After five days of endless air kisses, cocktails and selfies, Plaza Indonesia Men’s Fashion Week finally came to a close. While there were always a theme to be extracted from the line-up of brands on the first four day, the last day came across as vague. Despite a lack of a definitive thread that linked these brands together, each of their intended messages was clear.
Let’s face the fact; Columbia – a sportswear apparel brand – doesn’t sell fashion. What it does sell is practical outdoor apparel that places emphasis on comfort, functionality and endurance. And that point was made clear on the runway. T-shirts were thin and tight to resemble a second skin; Outerwear came in waterproofed fabric and lightweight. Fancier pieces can be found in quilted jacket with fur-lined hood.
Perhaps, noticing the lack of “fashion” in this collection, theatrical antics were employed in order to justify them. And that was when the collection headed for the south. Models came out with fishing pole, water bottle and even smartphone to pull a mini stunt at the end of the runway. Instead of focusing on that, perhaps more emphasis should be placed on the styling itself instead.
Established only since 2013, Adamist has already steadily gained a strong following in Jakarta’s menswear scene. Even though the collection featured plenty of shirts, jackets and pants, don’t be fooled into thinking that they were made for the office. Instead, the collection gravitated heavily towards eveningwear.

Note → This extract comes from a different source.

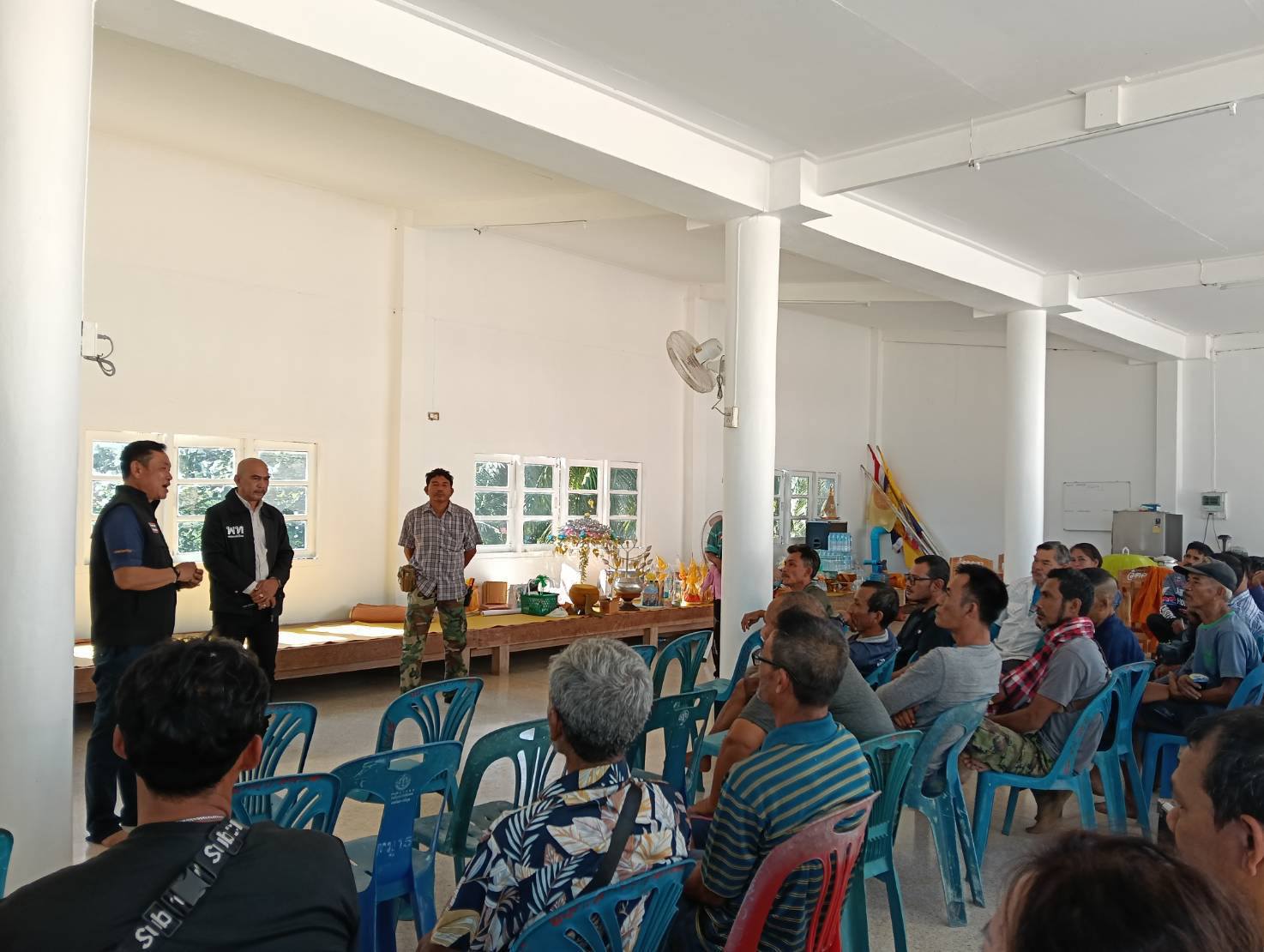 เข้าร่วมประชุมชี้แจงพิจารณาการสร้างเขื่อน กันคลื่น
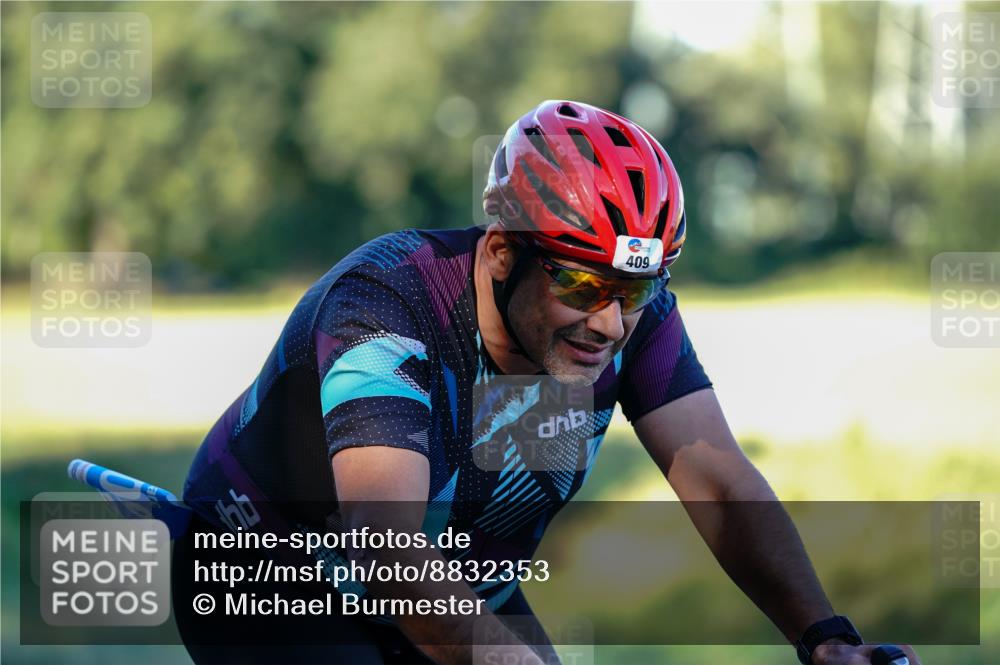 07.09.2025 - 19. Norderstedt Triathlon Michael Burmester http://msf.ph/oto/8832353 07.09.2025 16:26:39 Radfahren 409 meine-sportfotos.de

Sharp lines and geometric shapes dashed vertically, horizontally and even diagonally across the torso to highlight the body of its wearer. All of the pants were also cropped to allow a peek of the models’ ankles. In jackets, the distances between lapels were kept far apart and the button hung low around belly button. Why? To better show off that chest that you’ve been working so hard for!
More elaborate eveningwear came in suit jackets that featured Swarovski crystals and intricate Spanish lace. But designer, Jacky Rusli kept the look clean and controlled by planting the details only on the shoulder and the sleeves. Though some of the looks recalled Dior Homme’s collection a few seasons ago, Jacky has successfully established the Adamist’s identity in a short amount of time.
The last show, Ermenegildo Zegna closed the night with a powerful collection that was also equally emotionally provoking. The theme of formal and informal formed an interesting duality in the collection. Stefano Pilati beautifully merged the formal with sportswear resulting in looks that are at once elegance and sporty: fine wool and cashmere were paired with British hunting covert fabrics.
Standout looks include suit with long flowing scarf that spilled out elegantly underneath the suit jacket and sporty coat tied across the chest to resemble a protective cape. Stefano proved that elegance and sportiness do not have to be mutually exclusive. The two, when put together, offered up a much more in-depth definition of the modern man. And the collection was made even more moving because of it.
The five days Men’s Fashion Week provoked questions and provided some answers. Why should you care? Because, all in all, if the saying is true, and that clothes made the man, then perhaps it’s time for men to take fashion more seriously.